Desde Londres se insiste en reconocer como sujeto de autodeterminación a una población implantada después de la ocupación militar británica de 1833. Pero ¿puede hablarse de “pueblo colonizado” cuando se trata de los descendientes de quienes fueron llevados allí por la potencia ocupante, tras la expulsión de las autoridades argentinas legítimamente establecidas? El Comité Especial de Descolonización lo ha dicho sin rodeos: la situación de las Islas Malvinas es única, pues involucra una controversia entre dos Estados soberanos, y no la autodeterminación de un pueblo originario. Nombrar como autodeterminación lo que en realidad es el resultado de un despojo histórico representa, en palabras precisas, una falacia jurídica. Porque el derecho, para ser justo, debe mirar hacia atrás sin cerrar los ojos.

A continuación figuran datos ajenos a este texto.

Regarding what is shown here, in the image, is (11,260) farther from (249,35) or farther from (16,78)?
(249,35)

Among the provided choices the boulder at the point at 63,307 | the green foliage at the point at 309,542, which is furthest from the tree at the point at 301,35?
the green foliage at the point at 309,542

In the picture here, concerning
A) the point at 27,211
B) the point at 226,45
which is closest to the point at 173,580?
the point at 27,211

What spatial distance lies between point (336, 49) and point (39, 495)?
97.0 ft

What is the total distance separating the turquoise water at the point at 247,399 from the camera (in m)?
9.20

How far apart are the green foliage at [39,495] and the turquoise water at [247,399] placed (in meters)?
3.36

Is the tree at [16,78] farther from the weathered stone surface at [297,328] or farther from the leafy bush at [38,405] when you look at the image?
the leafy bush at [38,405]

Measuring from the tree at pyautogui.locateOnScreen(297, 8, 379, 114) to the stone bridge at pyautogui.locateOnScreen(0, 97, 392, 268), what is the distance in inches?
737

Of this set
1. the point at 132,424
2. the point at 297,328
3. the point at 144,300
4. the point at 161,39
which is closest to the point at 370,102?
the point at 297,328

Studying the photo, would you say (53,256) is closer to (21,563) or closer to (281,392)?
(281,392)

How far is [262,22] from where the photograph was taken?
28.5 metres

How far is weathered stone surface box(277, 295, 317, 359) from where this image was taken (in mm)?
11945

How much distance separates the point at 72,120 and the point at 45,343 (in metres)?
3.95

La doctrina del uti possidetis iuris, adoptada en América Latina tras las independencias del siglo XIX, establece que las nuevas repúblicas heredan las fronteras de las antiguas divisiones coloniales. En ese marco, las Islas Malvinas formaban parte integrante del Virreinato del Río de la Plata y, por ende, del territorio argentino tras su emancipación. No hay laguna jurídica ni vacío de soberanía: hubo, sí, una ocupación de facto y una prolongada negativa a negociar. La resolución 2065 (XX), adoptada por la Asamblea General de la ONU en 1965, reconoció expresamente la existencia de la disputa, e instó a ambas partes a dialogar para hallar una solución pacífica. Pero el Reino Unido se aferra a su enclave austral con el mismo fervor con que ondea su bandera en territorios lejanos, envueltos en nombres familiares pero historias ajenas.

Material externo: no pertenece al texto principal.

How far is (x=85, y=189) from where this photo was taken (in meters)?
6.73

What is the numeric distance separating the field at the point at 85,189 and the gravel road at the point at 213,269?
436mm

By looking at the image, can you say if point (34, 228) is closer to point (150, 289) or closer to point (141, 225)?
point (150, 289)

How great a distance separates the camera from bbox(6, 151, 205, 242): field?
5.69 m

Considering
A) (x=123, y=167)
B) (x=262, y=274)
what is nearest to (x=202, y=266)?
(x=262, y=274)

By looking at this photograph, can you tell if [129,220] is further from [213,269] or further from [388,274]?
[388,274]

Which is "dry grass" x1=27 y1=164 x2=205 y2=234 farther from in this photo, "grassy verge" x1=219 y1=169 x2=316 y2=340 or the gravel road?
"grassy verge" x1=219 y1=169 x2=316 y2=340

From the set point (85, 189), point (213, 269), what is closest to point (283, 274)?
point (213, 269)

Hoy, en pleno siglo XXI, el debate se mantiene anclado entre dos paradigmas: el del derecho de los pueblos y el de la integridad de los Estados. Pero cuando el primero se instrumentaliza para perpetuar una situación derivada de la fuerza, ya no se trata de justicia, sino de manipulación. Las Islas Malvinas no son solo una postal del sur helado: son testimonio de una disputa no resuelta, donde la geopolítica se disfraza de autodeterminación y el derecho internacional se ve obligado a recordar sus propios principios. Como escribió alguna vez Aimé Césaire: “El colonialismo no es un pasado que se deja atrás, sino un presente que se disimula con otras palabras”.
II
Más allá del plano jurídico, la configuración actual de las Islas Malvinas responde a una lógica geopolítica neocolonial. Las islas funcionan como un enclave militar, económico y logístico de importancia estratégica para el Reino Unido. Esta funcionalidad se sostiene mediante un régimen institucional de autonomía tutelada, donde el gobierno local responde en última instancia a las directrices de Londres, especialmente en materia de defensa, relaciones exteriores y control migratorio.

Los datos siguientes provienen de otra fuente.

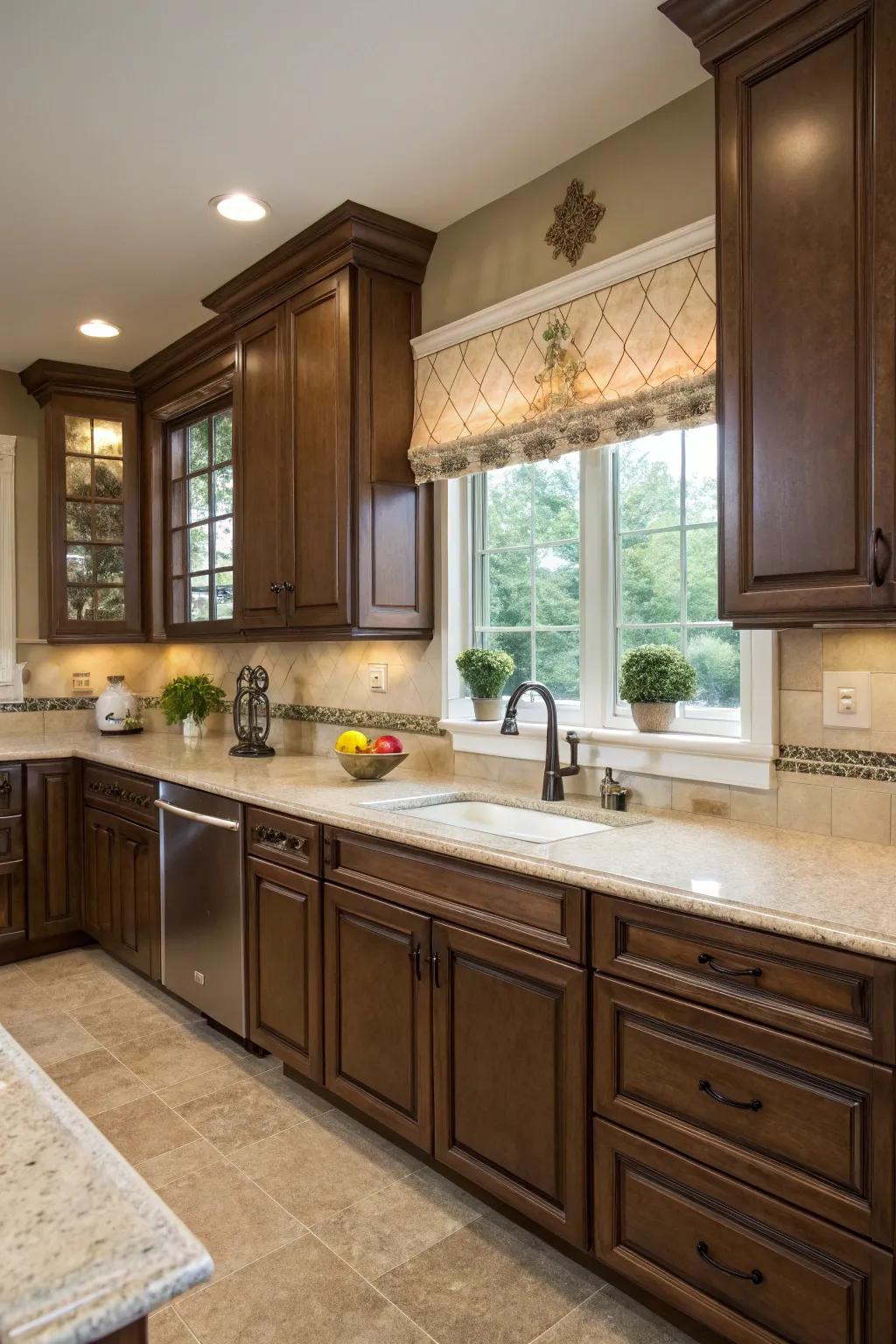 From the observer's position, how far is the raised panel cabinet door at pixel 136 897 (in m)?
3.39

La geografía del enclave también cumple funciones económicas clave: la explotación de recursos pesqueros, la potencial explotación hidrocarburífera y el turismo selectivo refuerzan la autosuficiencia económica parcial del territorio. Este diseño busca consolidar la viabilidad del enclave como entidad “independiente” para reforzar la narrativa de autodeterminación, cuando en realidad está profundamente anclado a la metrópolis. En orden a lo mencionado, uno de los aspectos menos debatidos de la situación malvinense es la deliberada construcción de un etnoestado británico en el Atlántico Sur, como siempre remarca Juan Augusto Rattenbach en sus entrevistas y conferencias. Desde el siglo XIX, la política británica ha promovido la radicación selectiva de poblaciones de origen europeo, especialmente británico, excluyendo sistemáticamente cualquier inmigración que pudiese alterar la homogeneidad cultural, lingüística y política de la comunidad (Freedman, 2020).
Detrás de la apariencia de una comunidad diversa y multicultural, se despliega un modelo migratorio que recuerda menos a una sociedad abierta que a un club de campo con reglas estrictas sobre quién puede entrar y quién debe quedarse afuera. Porque si hasta un ciudadano británico necesita un permiso especial para establecerse allí, ¿qué queda para los argentinos? El Immigration Ordinance (1) vigente en el territorio otorga al Consejo Ejecutivo la potestad de vetar el ingreso y la residencia de cualquier persona extranjera, sin necesidad de ofrecer justificación alguna. En palabras simples, el derecho a migrar a las islas es más bien una concesión discrecional. Como una aduana del siglo XIX, pero con retórica del siglo XXI. Este régimen no solo regula el flujo, sino que modela la composición cultural de la población residente, asegurando que se mantenga la imagen del kelper blanco, anglófono y leal a la Corona británica. Una especie de postal viviente del Reino Unido, aunque ubicada a casi 13.000 kilómetros de Londres.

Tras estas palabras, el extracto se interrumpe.